The cash flow cycle is the process of moving money in and out of a business. A business expends cash in creating goods or in the supply of services sold to customers. This is cash outflow.

On the other hand, cash inflow occurs when a business collects cash from its sales to customers and uses that cash to manufacture more goods or render more services, therefore, restarting the cycle.

The idea is to ensure that cash coming in exceeds cash going out. That is the basis of being profitable. Unfortunately, things are never as easy as they seem, because both cash inflow and outflow move in cycles, the challenge is always to ensure your business is not in a situation where outflow significantly exceeds inflow for any extended period.

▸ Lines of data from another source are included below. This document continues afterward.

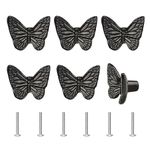 UFURMATE Drawer Knobs, 6Pcs Zinc Alloy Pulls Knobs Antique Pull Handles Single Hole Furniture Cabinet Knobs with Screws for Drawer, Cupboard (Black Butterfly)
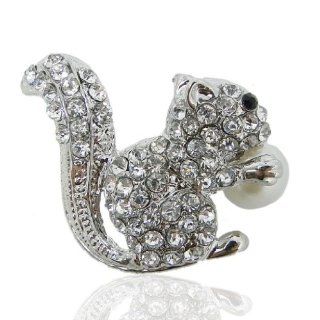 Squirrel Brooch Simulated Pearl Clear Austrian Crystals Silver Tone A03025 2 Jewelry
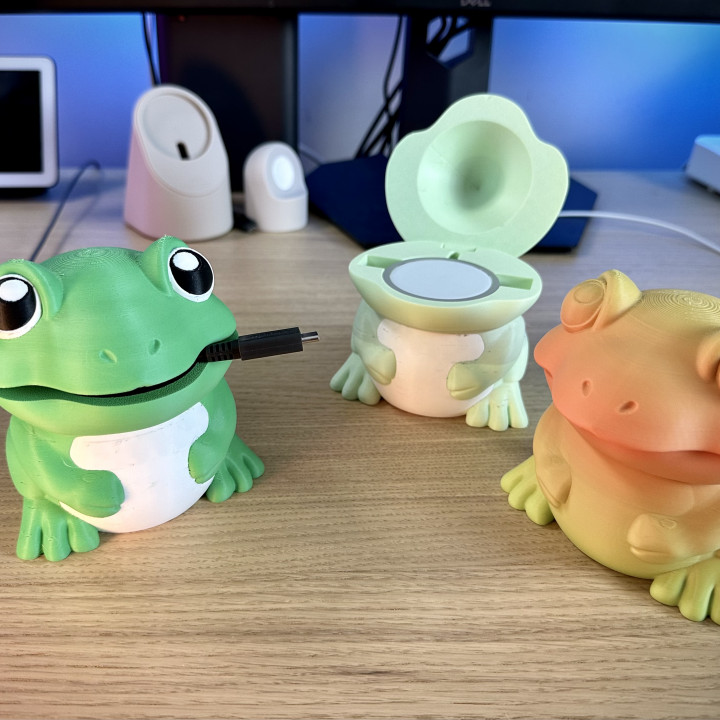 Cute Frog Cable holder / Magsafe Stand - Print-in-Place image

Despite most businesses having a primary inflow of cash from the sale of goods or services, other sources can also provide inflows, such as from:

  • A bank loan,
  • An investment in funds from stakeholders,
  • A line of credit, and
  • Cash outflow can result from:
  • Paying for materials to manufacture goods
  • Cost of buying Stock
  • Acquiring fixed assets
  • Salaries and expenses
  • Tax payments and
  • Loan repayments, among others…Cash flow management is crucial to the health of a business and collaterally to the relevant national economy overall.

Common Cash Flow Problems

What causes cash flow problems? What are the common problems that, if not attended, could lead to dire consequences? Clearly, when a business has insufficient cash to pay its current liabilities, or when the cash going out of the business consistently exceed the cash coming in. Much has been written on cash flow management, from which we learn that common problems leading to negative cash flow situations are:

Falling Profits

The most common cause of cash flow problems, because revenue from the sale of goods and services is the most important source of cash for any business. When the business makes relatively lower profits over time, either because of competition or mismanagement, it will lead to serious cash flow problems. An overaggressive market penetration strategy that involves cutting prices to gain market share can go wrong when not properly managed. Businesses might take on additional loads or credit from suppliers but in most situations, making losses consistently will eventually lead to failure.

Too much Stock

For automotive businesses, holding too much Stock can also tie up cash flow significantly. The need to hold enough stock to meet demands or to negotiate better prices by buying in bulk have to be balanced against the risk of the current stock becoming obsolete. A robust stock management system with a regular review is often necessary to ensure that minimal cash is tied up in dead stocks.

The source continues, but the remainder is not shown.